(Spatial localization data)
╔══
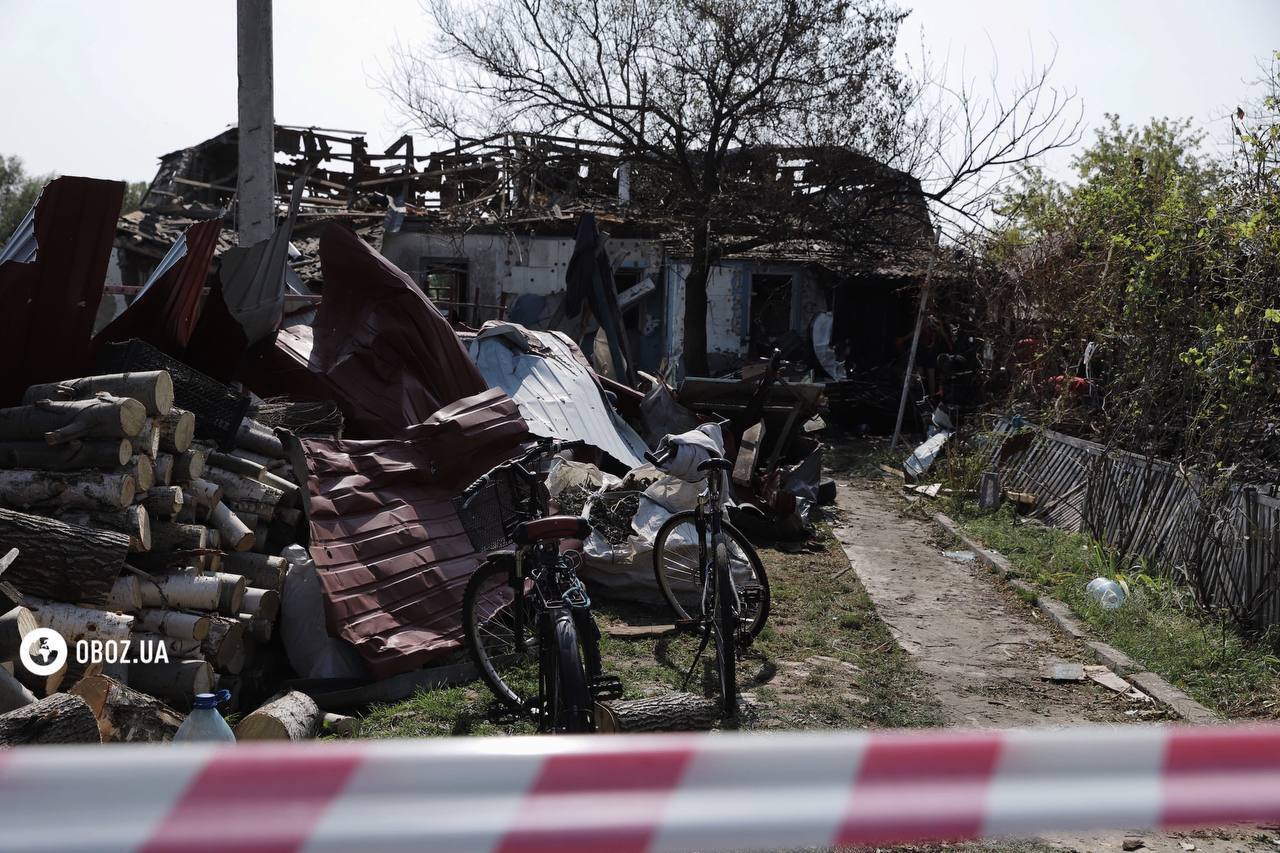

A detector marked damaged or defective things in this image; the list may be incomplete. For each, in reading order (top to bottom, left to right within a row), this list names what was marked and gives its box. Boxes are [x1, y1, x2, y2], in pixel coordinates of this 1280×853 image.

crumpled metal roofing sheet [0, 174, 123, 404]
crumpled metal roofing sheet [94, 217, 222, 353]
crumpled metal roofing sheet [256, 222, 488, 435]
burnt window opening [417, 256, 468, 318]
crumpled metal roofing sheet [468, 320, 650, 468]
crumpled metal roofing sheet [302, 386, 527, 676]
damaged fence [993, 422, 1280, 630]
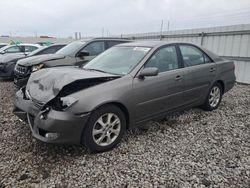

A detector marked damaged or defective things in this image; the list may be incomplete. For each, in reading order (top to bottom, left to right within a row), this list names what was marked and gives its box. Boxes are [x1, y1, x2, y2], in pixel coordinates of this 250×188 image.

damaged front end [12, 70, 120, 144]
crumpled hood [26, 67, 119, 103]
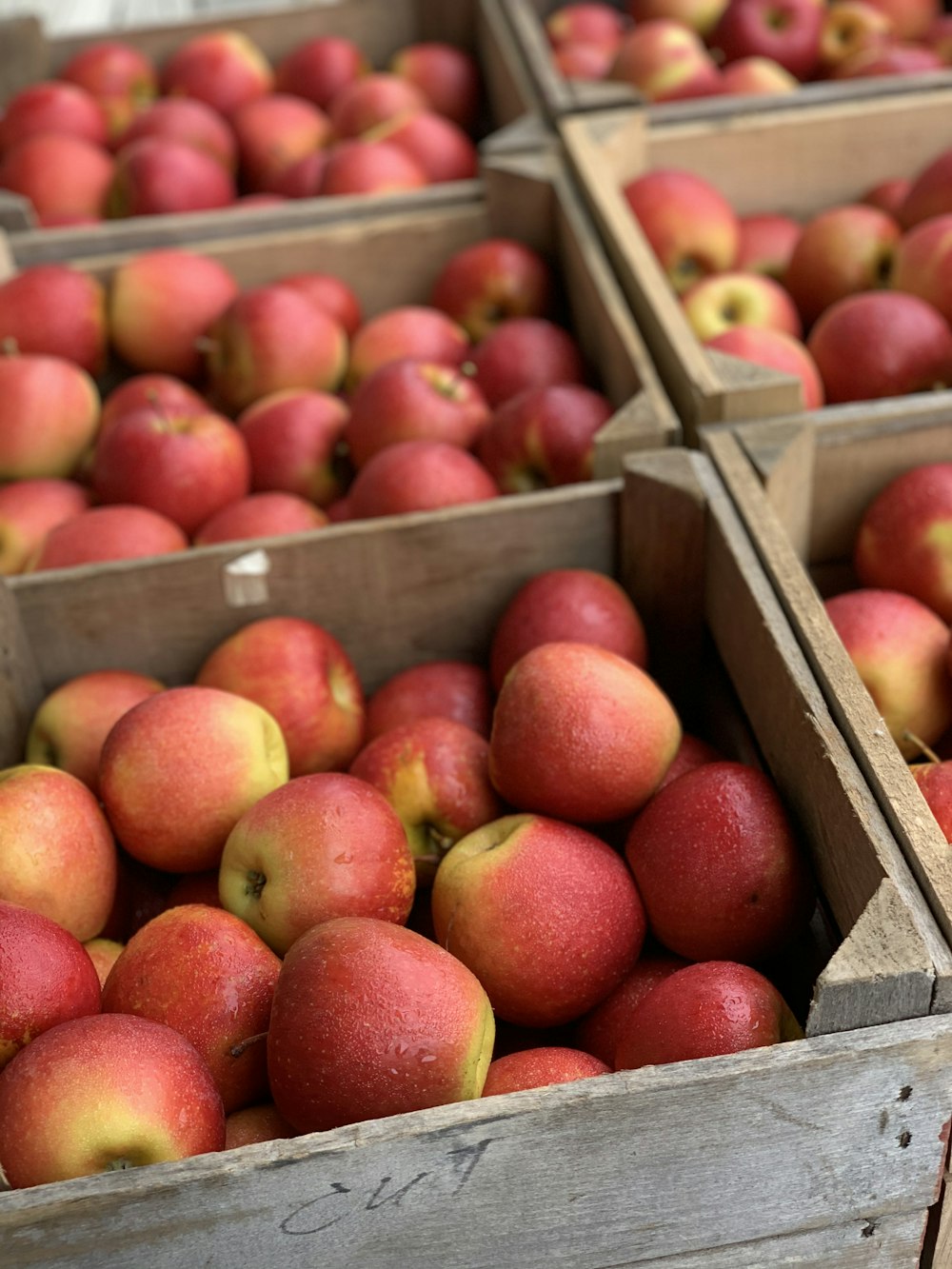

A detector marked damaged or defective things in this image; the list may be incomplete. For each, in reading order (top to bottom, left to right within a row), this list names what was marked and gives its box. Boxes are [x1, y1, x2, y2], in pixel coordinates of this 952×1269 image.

splintered wood edge [710, 428, 952, 1010]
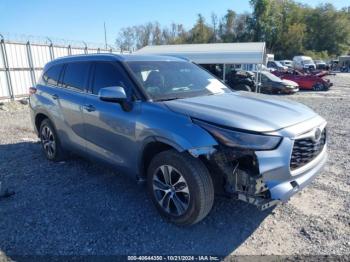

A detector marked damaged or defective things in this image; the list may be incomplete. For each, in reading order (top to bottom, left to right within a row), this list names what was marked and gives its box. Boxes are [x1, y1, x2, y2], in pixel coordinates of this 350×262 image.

crumpled hood [164, 92, 318, 133]
broken headlight [194, 119, 282, 150]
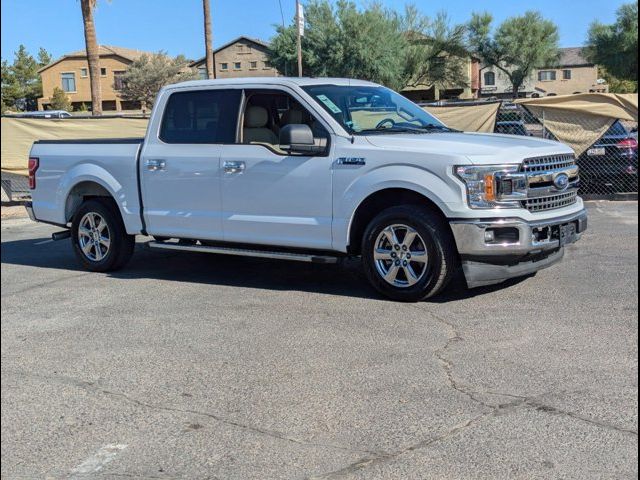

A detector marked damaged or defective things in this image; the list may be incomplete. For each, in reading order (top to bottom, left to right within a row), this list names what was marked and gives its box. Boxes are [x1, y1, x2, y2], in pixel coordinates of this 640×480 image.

crack in asphalt [13, 370, 380, 460]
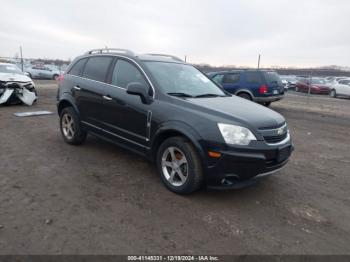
╚══
- _WHAT THE TASK REQUIRES_:
Copy only this, please: the line with "this 640×480 image." and every line after it through the end of the data, with no pictures.

- _FINISHED TASK_:
A detector marked damaged or defective things in this image; the list may be incomplete. For each, in reading order (top to bottom, left to right within a row), this list names what was marked and gives its box. Boxes are [x1, y1, x2, y2], in pixel coordinates of this 640×480 image.

crack in asphalt [13, 370, 380, 460]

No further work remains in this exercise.